EXERCISE BRIEF | Give the data again word for word; drop the pictures.

AVAILABLE DATA |
- - -

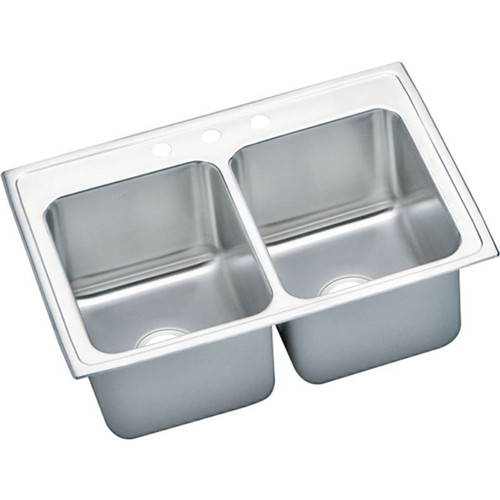 33" x 22" x 12-1/8" 18 Gauge Stainless Steel Equal Double Bowl Drop-in Kitchen Sink with 3 Faucet Holes in Lustrous Satin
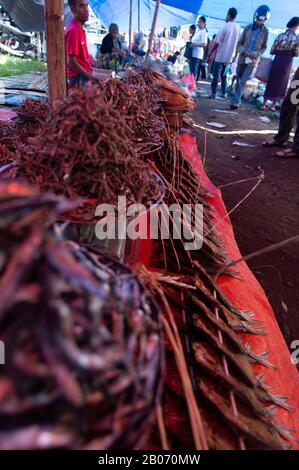 Indonesische Leute verkaufen Produkte auf dem Markt. Ruteng Dorf, Flores, Nusa Tenggara, Indonesien Stockfoto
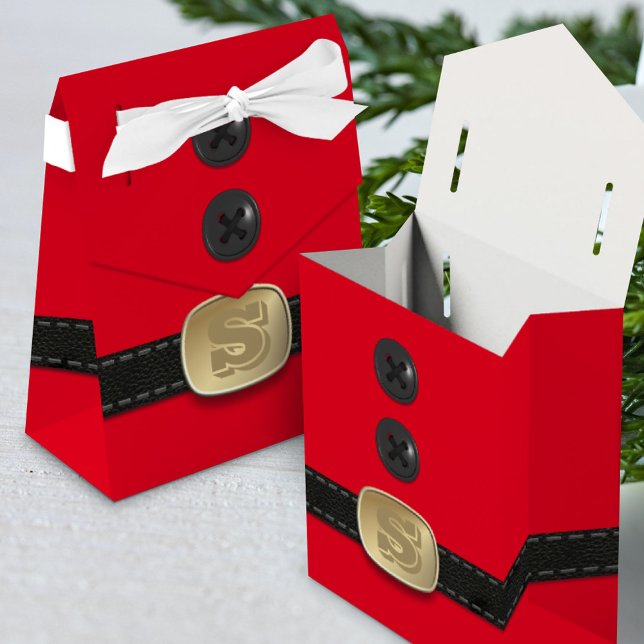 Röd julafton Elf Kostym Santa Party-favoritruta Presentaskar (Fun and festive favor box with space for your initial)
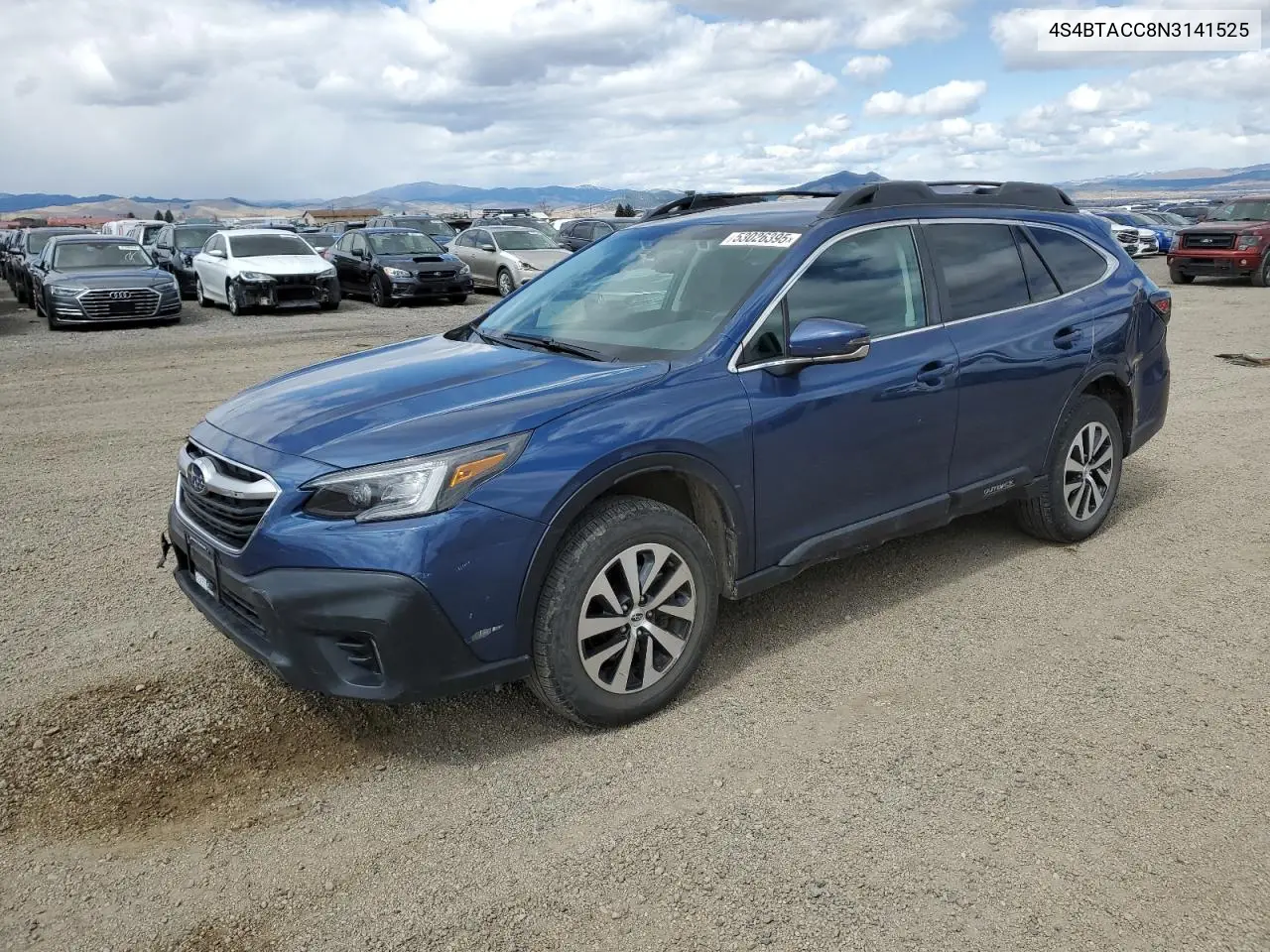 2022 Subaru Outback Premium VIN: 4S4BTACC8N3141525 Lot: 53026395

- - -

RESPONSE FOR THIS EXERCISE |
 33" x 22" x 12-1/8" 18 Gauge Stainless Steel Equal Double Bowl Drop-in Kitchen Sink with 3 Faucet Holes in Lustrous Satin
 Indonesische Leute verkaufen Produkte auf dem Markt. Ruteng Dorf, Flores, Nusa Tenggara, Indonesien Stockfoto
 Röd julafton Elf Kostym Santa Party-favoritruta Presentaskar (Fun and festive favor box with space for your initial)
 2022 Subaru Outback Premium VIN: 4S4BTACC8N3141525 Lot: 53026395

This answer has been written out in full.